Problem description: I need the lines from the one containing "nostril yanni piercing" through the last line of the entries retyped exactly, with no pictures among them.

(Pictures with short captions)

◆ ◆ ◆

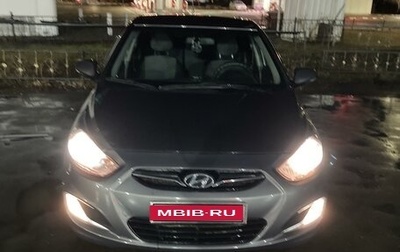 Hyundai Solaris II рестайлинг, 2011 год, 560 000 рублей, 1 фотография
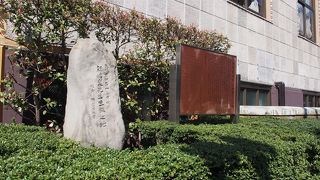 学士会館の敷地内にあります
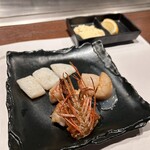 いぶき野 びーふ亭 - タルタルとレモンで。エビは香ばしいえびせんに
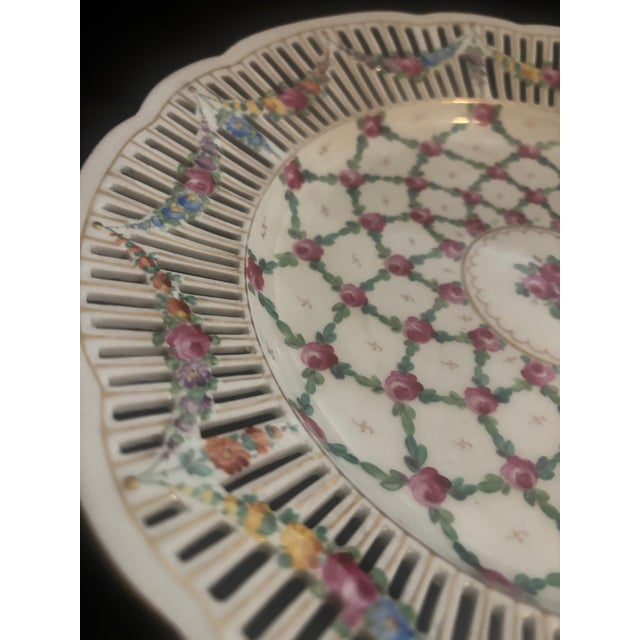 Antique German Carl Thiem Dresden Reticulated Porcelain Footed Dessert Tazza/Compote For Sale In Los Angeles - Image 6 of 8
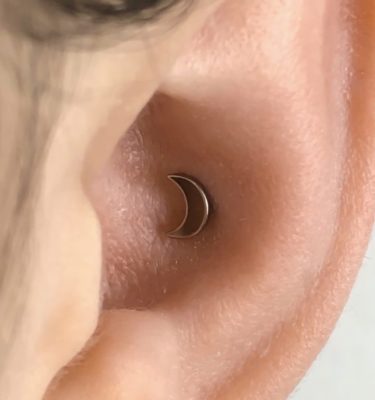 nostril yanni piercing titanio grado implante ASTM F136 moon luna conch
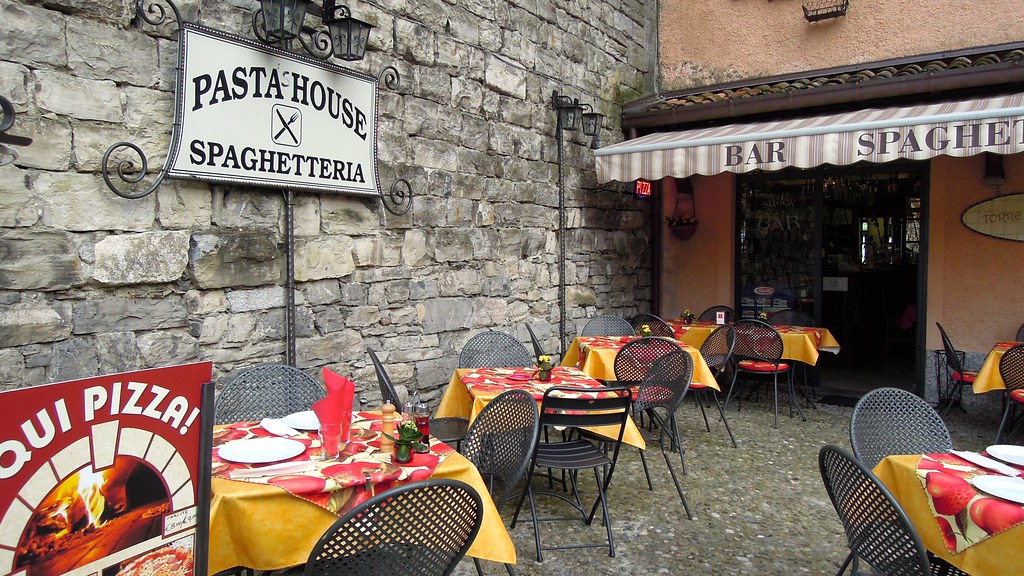 Pasta House Spaghetteria, Piazza della Chiesa, Bellagio, L… Flickr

◆ ◆ ◆

Solved exercise:
 nostril yanni piercing titanio grado implante ASTM F136 moon luna conch
 Pasta House Spaghetteria, Piazza della Chiesa, Bellagio, L… Flickr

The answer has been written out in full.